ASSIGNMENT
The task calls for the count of lines containing "Black" in these records, given as a number with no other words.

[Stored data]
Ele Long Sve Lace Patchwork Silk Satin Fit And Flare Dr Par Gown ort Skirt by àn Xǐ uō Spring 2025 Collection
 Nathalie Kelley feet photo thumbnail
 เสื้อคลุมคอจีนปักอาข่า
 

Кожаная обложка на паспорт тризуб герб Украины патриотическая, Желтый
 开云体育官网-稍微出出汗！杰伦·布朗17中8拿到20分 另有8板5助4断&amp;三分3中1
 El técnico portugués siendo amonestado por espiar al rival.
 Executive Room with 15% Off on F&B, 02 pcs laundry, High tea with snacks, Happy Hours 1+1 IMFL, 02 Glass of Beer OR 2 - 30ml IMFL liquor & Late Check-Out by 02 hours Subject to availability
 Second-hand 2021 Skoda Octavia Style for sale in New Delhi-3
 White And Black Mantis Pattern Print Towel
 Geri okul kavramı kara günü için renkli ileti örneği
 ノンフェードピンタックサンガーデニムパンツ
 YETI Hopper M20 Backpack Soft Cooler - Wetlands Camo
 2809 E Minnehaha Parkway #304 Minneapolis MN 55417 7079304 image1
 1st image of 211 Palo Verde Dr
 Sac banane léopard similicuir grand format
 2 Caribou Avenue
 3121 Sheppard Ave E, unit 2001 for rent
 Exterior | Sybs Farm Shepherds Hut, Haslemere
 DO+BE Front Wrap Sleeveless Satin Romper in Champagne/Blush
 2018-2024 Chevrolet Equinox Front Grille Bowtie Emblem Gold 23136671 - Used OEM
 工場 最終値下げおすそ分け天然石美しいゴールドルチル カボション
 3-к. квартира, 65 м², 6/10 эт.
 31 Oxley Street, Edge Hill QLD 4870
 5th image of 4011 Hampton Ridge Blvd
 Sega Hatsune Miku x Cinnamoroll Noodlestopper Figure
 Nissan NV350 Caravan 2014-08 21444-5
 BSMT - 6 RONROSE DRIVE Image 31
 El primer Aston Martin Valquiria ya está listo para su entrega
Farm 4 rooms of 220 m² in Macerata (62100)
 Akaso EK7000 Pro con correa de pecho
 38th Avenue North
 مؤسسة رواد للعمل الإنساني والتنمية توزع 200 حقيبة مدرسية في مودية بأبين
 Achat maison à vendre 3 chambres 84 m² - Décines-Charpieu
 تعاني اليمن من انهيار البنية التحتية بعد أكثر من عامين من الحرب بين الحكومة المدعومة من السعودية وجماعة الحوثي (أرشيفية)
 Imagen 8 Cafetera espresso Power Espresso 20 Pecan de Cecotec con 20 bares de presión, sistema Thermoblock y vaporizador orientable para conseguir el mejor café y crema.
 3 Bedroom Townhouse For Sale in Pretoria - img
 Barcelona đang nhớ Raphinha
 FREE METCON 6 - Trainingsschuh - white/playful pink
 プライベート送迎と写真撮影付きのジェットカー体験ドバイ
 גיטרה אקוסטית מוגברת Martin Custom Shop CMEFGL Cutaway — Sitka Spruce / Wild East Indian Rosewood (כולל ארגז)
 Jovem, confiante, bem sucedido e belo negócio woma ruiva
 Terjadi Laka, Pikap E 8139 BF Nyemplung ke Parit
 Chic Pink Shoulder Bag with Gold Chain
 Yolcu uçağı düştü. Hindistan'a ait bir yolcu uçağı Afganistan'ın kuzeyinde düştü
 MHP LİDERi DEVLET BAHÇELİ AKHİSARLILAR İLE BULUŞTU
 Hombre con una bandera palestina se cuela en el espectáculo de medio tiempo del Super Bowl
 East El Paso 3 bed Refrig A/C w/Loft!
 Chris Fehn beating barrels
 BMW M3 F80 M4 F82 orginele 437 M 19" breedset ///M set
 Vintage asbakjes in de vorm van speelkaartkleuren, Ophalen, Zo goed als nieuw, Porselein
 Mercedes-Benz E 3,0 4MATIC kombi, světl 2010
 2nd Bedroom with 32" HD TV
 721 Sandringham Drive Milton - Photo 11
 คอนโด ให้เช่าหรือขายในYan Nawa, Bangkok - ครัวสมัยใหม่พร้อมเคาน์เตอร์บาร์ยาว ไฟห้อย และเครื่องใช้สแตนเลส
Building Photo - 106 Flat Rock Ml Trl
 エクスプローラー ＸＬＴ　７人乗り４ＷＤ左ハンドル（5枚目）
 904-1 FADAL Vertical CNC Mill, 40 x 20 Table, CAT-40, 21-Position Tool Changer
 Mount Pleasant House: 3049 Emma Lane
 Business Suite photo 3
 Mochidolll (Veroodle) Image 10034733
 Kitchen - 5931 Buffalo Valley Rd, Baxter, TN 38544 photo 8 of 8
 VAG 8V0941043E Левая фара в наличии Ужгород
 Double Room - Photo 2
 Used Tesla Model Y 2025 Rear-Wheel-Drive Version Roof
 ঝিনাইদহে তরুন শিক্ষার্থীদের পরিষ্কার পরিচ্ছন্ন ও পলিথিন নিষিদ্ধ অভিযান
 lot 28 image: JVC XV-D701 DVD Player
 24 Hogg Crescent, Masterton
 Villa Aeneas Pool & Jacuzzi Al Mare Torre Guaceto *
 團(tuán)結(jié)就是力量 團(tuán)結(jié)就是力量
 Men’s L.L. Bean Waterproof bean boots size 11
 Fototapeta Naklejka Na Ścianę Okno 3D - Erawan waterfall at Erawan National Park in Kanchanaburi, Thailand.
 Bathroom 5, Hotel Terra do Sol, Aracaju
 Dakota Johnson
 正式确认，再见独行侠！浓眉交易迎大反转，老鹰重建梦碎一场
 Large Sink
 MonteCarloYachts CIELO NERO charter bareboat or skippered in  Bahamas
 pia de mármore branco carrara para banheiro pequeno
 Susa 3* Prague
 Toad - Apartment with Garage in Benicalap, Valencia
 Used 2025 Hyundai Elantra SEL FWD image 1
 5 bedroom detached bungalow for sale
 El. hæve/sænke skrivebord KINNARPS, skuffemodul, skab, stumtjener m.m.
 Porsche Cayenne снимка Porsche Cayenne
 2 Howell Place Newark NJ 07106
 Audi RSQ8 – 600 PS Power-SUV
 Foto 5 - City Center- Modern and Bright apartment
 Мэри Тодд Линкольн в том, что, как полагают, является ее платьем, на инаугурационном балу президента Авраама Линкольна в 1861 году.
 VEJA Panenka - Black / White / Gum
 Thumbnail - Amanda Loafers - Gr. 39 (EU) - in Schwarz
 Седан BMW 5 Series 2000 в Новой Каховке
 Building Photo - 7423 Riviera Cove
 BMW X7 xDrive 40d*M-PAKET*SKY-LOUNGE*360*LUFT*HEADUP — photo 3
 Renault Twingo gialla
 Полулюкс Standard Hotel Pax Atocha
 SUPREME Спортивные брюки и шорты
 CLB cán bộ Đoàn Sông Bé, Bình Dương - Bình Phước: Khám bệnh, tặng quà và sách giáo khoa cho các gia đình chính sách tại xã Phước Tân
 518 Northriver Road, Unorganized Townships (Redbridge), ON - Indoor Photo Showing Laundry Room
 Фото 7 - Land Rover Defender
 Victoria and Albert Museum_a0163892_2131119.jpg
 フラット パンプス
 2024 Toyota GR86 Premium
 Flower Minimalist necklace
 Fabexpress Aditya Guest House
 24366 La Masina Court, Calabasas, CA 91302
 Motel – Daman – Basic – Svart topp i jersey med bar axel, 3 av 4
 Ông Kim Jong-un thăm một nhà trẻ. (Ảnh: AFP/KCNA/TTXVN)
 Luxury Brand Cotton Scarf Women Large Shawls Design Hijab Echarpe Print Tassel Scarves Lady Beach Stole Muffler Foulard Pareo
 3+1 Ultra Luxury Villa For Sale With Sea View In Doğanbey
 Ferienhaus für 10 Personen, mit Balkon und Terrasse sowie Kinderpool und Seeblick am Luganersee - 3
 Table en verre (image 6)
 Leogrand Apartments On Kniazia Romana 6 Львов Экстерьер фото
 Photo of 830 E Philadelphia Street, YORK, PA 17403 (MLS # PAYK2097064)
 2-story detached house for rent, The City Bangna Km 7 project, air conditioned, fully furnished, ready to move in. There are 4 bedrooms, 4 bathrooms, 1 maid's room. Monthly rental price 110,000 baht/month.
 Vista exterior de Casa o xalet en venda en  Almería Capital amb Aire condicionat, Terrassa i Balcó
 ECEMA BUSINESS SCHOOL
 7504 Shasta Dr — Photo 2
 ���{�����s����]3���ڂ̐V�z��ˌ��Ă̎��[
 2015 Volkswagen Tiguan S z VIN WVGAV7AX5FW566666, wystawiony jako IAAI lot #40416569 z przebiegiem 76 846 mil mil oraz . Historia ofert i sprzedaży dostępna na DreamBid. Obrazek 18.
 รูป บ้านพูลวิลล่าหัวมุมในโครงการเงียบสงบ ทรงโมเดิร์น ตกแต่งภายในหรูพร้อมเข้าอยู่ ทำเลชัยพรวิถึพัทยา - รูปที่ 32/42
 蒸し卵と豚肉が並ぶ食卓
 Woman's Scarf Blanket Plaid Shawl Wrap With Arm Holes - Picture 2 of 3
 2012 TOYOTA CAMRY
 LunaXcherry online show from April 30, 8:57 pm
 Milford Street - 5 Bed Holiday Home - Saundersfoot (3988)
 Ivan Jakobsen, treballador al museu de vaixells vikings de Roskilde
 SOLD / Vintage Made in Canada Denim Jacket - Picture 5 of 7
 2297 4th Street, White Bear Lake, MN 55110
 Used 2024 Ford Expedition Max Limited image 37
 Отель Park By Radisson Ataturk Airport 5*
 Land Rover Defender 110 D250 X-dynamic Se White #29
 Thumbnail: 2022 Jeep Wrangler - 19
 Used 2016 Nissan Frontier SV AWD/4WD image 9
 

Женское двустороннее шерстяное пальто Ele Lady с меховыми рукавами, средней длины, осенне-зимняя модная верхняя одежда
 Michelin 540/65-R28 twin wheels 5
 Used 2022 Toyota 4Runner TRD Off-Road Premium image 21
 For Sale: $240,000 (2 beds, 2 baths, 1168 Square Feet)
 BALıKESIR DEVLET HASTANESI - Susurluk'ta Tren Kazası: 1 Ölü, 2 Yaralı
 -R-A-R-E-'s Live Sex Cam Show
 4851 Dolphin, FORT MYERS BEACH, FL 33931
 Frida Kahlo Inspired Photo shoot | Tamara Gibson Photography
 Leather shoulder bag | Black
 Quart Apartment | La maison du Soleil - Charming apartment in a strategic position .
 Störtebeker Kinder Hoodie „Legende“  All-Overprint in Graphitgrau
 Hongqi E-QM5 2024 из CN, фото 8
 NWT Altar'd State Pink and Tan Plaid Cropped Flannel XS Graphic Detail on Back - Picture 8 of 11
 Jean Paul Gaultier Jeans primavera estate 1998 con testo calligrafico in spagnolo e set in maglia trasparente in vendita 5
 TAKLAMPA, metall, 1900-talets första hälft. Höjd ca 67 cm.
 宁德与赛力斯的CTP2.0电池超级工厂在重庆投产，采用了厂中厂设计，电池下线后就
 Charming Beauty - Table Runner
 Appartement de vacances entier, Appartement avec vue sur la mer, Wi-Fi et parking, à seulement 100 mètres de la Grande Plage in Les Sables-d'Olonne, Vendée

SOLUTION TO THE PROBLEM
3